Could you repeat, exactly and with no pictures, only the lines from the start of the records through the line containing "Load image into"?
Supplied records section start
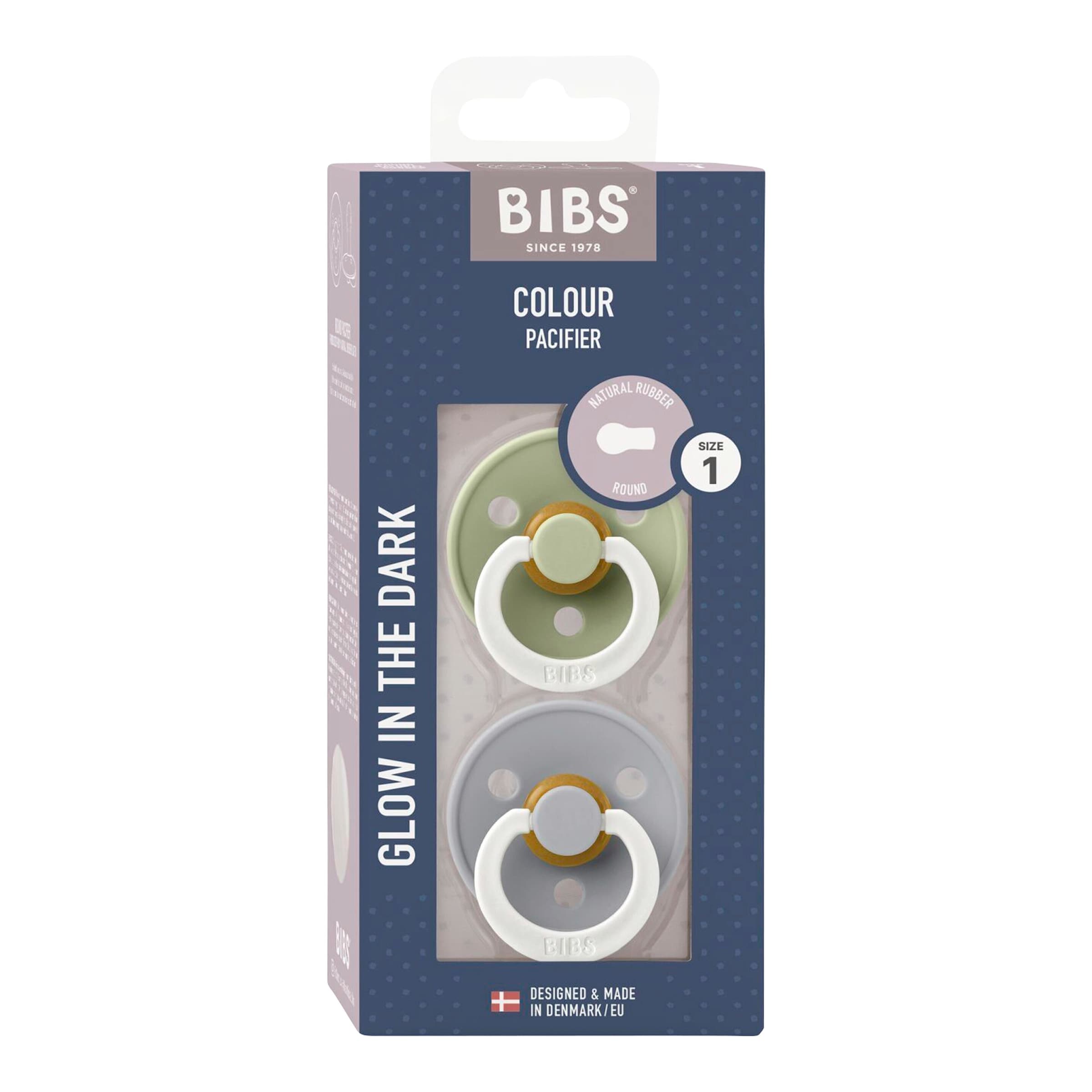 Bibs 2er-Pack Colour GLOW Schnuller 0-6M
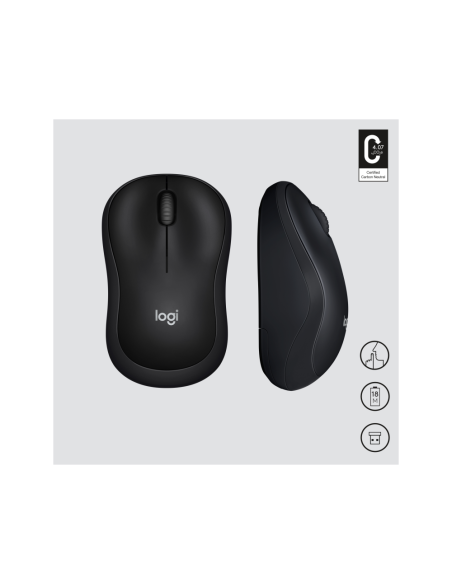 Logitech M220 Silent ratón Oficina Ambidextro RF inalámbrico Óptico 1000 DPI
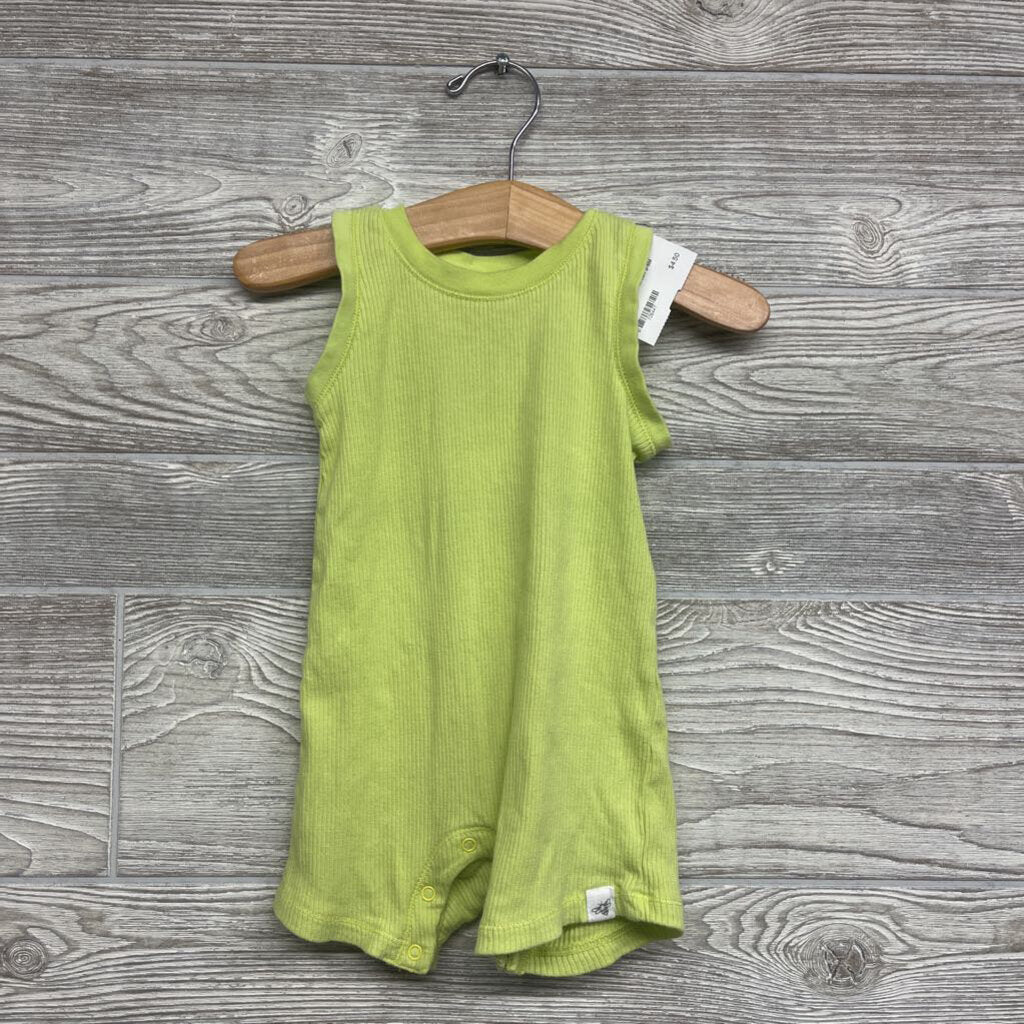 Tank Ribbed Shorty Romper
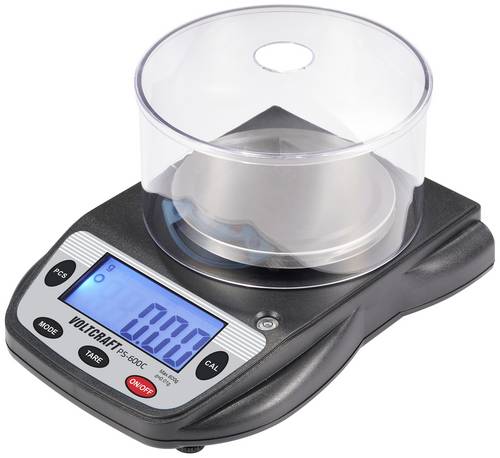 VOLTCRAFT PS-600C Präzisionswaage Wägebereich (max.) 600g Ablesbarkeit 0.01g batteriebetrieben Schwarz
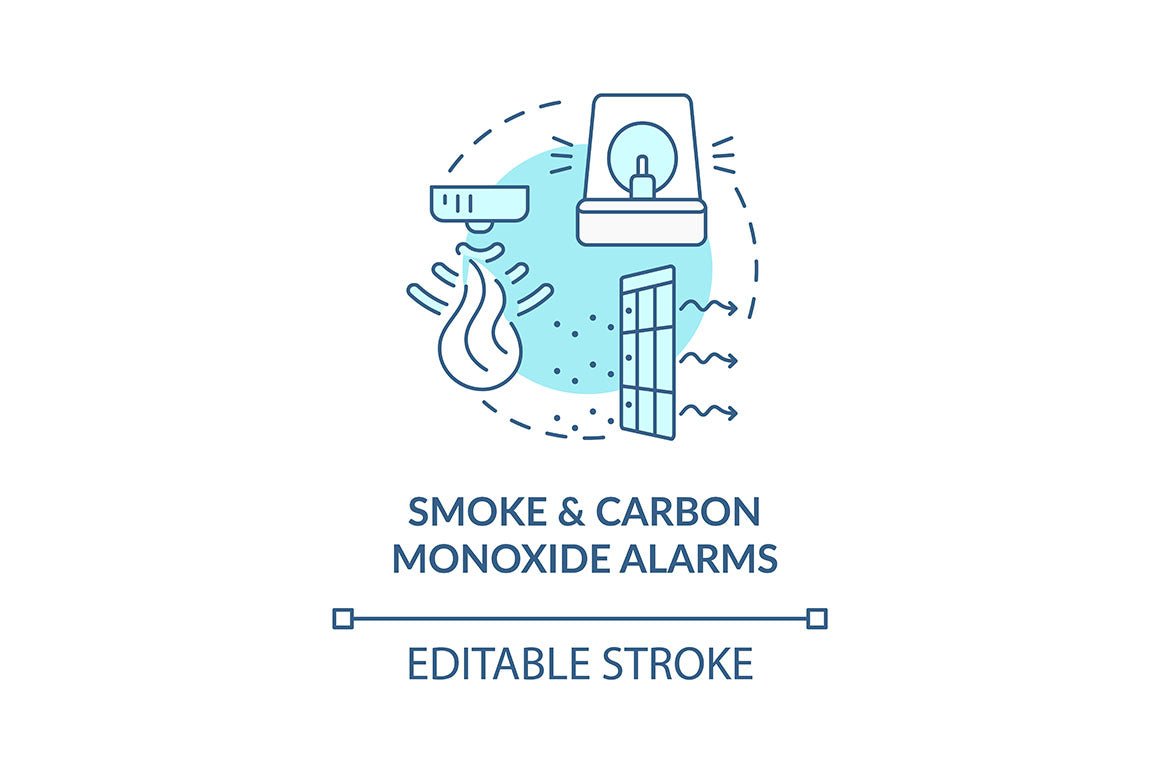 Home security concept icons bundle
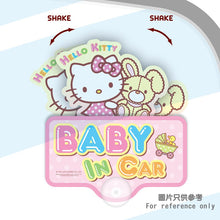 Load image into Gallery viewer, Sanrio Character Car Signage with Suction Cup
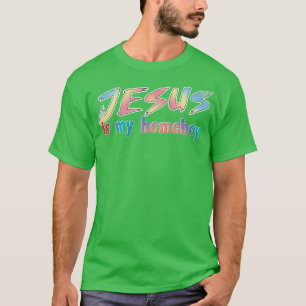 Jezus is mijn Homeboy 80s Retro 1 T-shirt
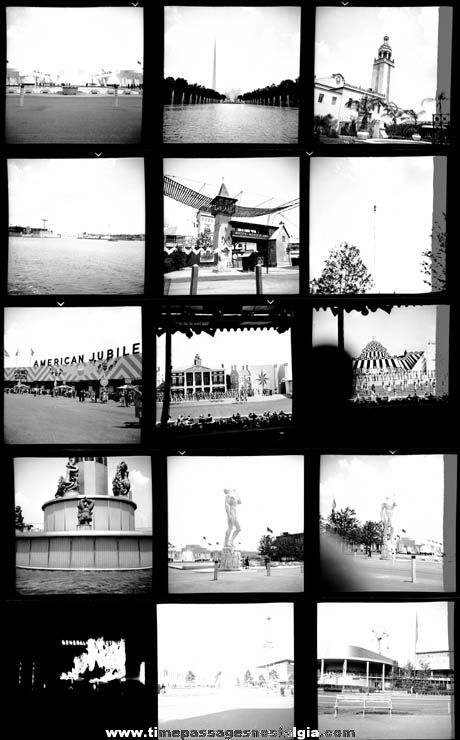 (27) 1939 - 1940 New York World’s Fair Visitor Photograph Negatives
Supplied records section end
_Result of the task:_
 Bibs 2er-Pack Colour GLOW Schnuller 0-6M
 Logitech M220 Silent ratón Oficina Ambidextro RF inalámbrico Óptico 1000 DPI
 Tank Ribbed Shorty Romper
 VOLTCRAFT PS-600C Präzisionswaage Wägebereich (max.) 600g Ablesbarkeit 0.01g batteriebetrieben Schwarz
 Home security concept icons bundle
 Load image into Gallery viewer, Sanrio Character Car Signage with Suction Cup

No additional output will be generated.